Histamine 2/3 receptor agonists alleviate perioperative neurocognitive disorders by inhibiting microglia activation through the PI3K/AKT/FoxO1 pathway in aged rats
BACKGROUND: Microglia, the principal sentinel immune cells of the central nervous system (CNS), play an extensively vital role in neuroinflammation and perioperative neurocognitive disorders (PND). Histamine, a potent mediator of inflammation, can both promote and prevent microglia-related neuroinflammation by activating different histamine receptors. Rat microglia express four histamine receptors (H1R, H2R, H3R, and H4R), among which the histamine 1 and 4 receptors can promote microglia activation, whereas the role and cellular mechanism of the histamine 2 and 3 receptors have not been elucidated. Therefore, we evaluated the effects and potential cellular mechanisms of histamine 2/3 receptors in microglia-mediated inflammation and PND.

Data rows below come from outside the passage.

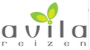 Avilareizen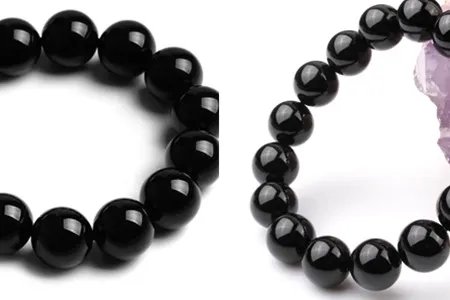 黑玛瑙产地在哪这个地方你想到了吗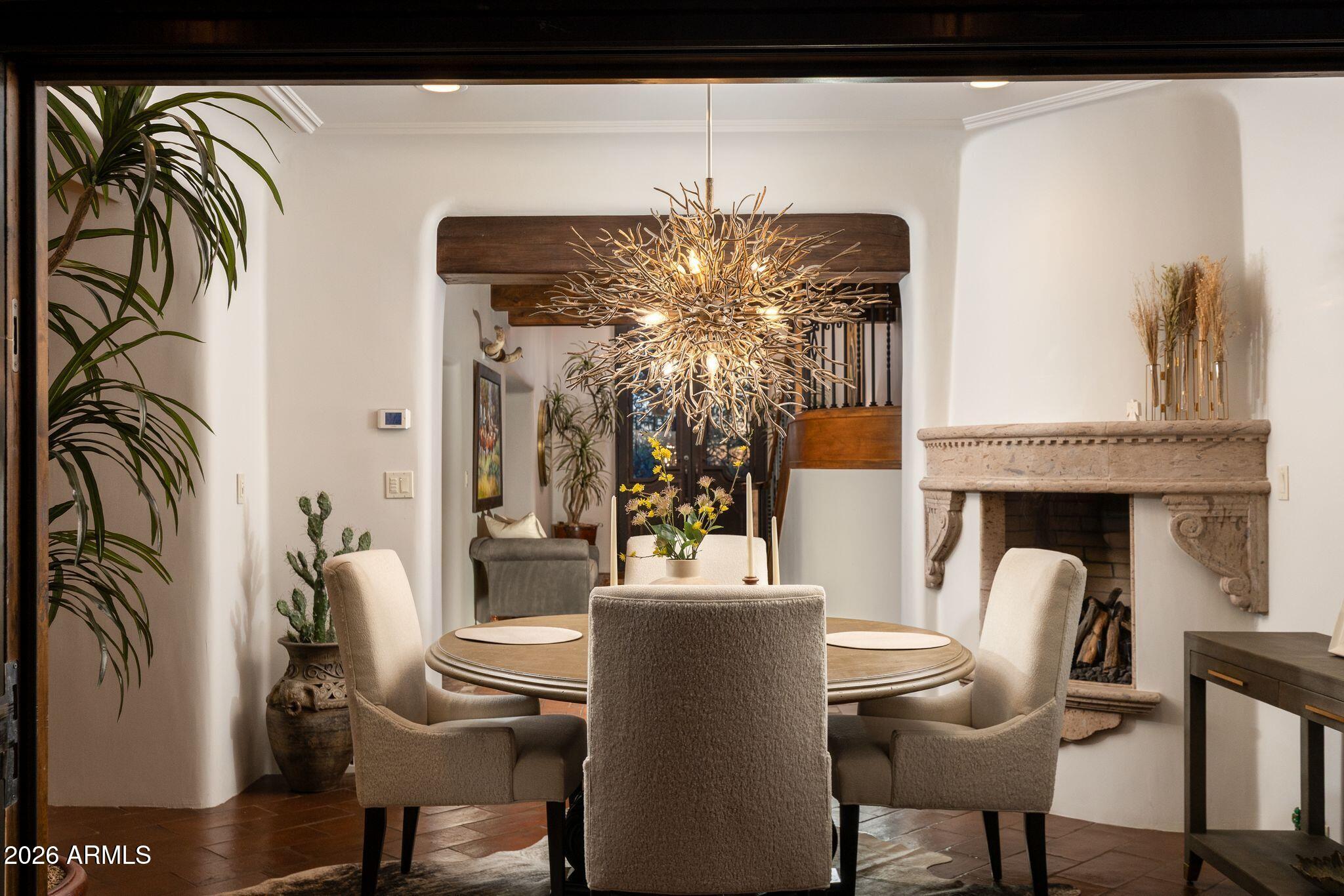 10040 E HAPPY VALLEY Road 477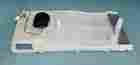 Da97-08061a Samsung New Oem Assy
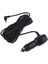 Micro USB Adaptörü 5VOLT 2AMPER + USB 3.5 Metre 5V 2A Çakmak USB 1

METHODS: This study investigated the role of histamine 2/3 receptors in microglia-induced inflammation and PND both in vivo and in vitro. In the in vivo experiments, rats were injected with histamine 2/3 receptor agonists in the right lateral ventricle and were then subjected to exploratory laparotomy. In the in vitro experiments, primary microglia were pretreated with histamine 2/3 receptor agonists before stimulation with lipopolysaccharide (LPS). Cognitive function, microglia activation, proinflammatory cytokine production, NF-κb expression, M1/M2 phenotypes, cell migration, and Toll-like receptor-4 (TLR4) expression were assessed.
RESULTS: In our study, the histamine 2/3 receptor agonists inhibited exploratory laparotomy- or LPS-induced cognitive decline, microglia activation, proinflammatory cytokine production, NF-κb expression, M1/M2 phenotype transformation, cell migration, and TLR4 expression through the PI3K/AKT/FoxO1 pathway.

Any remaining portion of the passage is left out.